One of my folders I titled “Ducks in a tree.”
I first saw ducks in the trees in March of 2010, our first spring in this house. I assumed they were Mallard ducks, and the poor quality photo I managed to take did little to discount that theory.
I saw the ducks in the trees again this year and I was going to put together a post with recent Mallard duck photos from my walks at the Voice of America park, and my photos of the ducks in the tree that I took about a month ago.
This time I was using my new zoom lens, and the ducks accommodated me by landing in a big Sycamore tree close to our house.
I’m not bird expert, as you’ve probably guessed by now, but even I could tell upon closer examination that this duck with its white markings did not look like the Mallard ducks I had photographed at the VOA.
This explains to some degree why people were surprised that I saw ducks in the trees. I’m not sure Mallard ducks perch in trees.
But Wood Ducks do. And if you look closely at my photo from 2010, you can see the white diagonal marking on the side of the male duck in the tree.
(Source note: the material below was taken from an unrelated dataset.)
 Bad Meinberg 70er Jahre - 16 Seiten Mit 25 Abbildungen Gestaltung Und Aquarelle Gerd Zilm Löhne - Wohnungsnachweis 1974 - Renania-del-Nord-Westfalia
I believe this is the same pair who stopped here before, although I’m pretty sure the garden inspectors I posted about in March are Mallard Ducks.
Like most species, the female Wood Duck isn’t nearly as colorful, although she does wear an interesting mask.
I’m wondering what the feet look like, but from here they look like regular webbed duck feet. It’s amazing that they can stand in the trees.
The female moved around a little bit, gradually getting closer to the male.
I love this photo where she flies up to join him.
It almost seemed like they were speaking to each other. And if truth be known, like most other creatures, they must have a way to communicate. I love watching animal pairs, animal parents, and animal families. Amazing.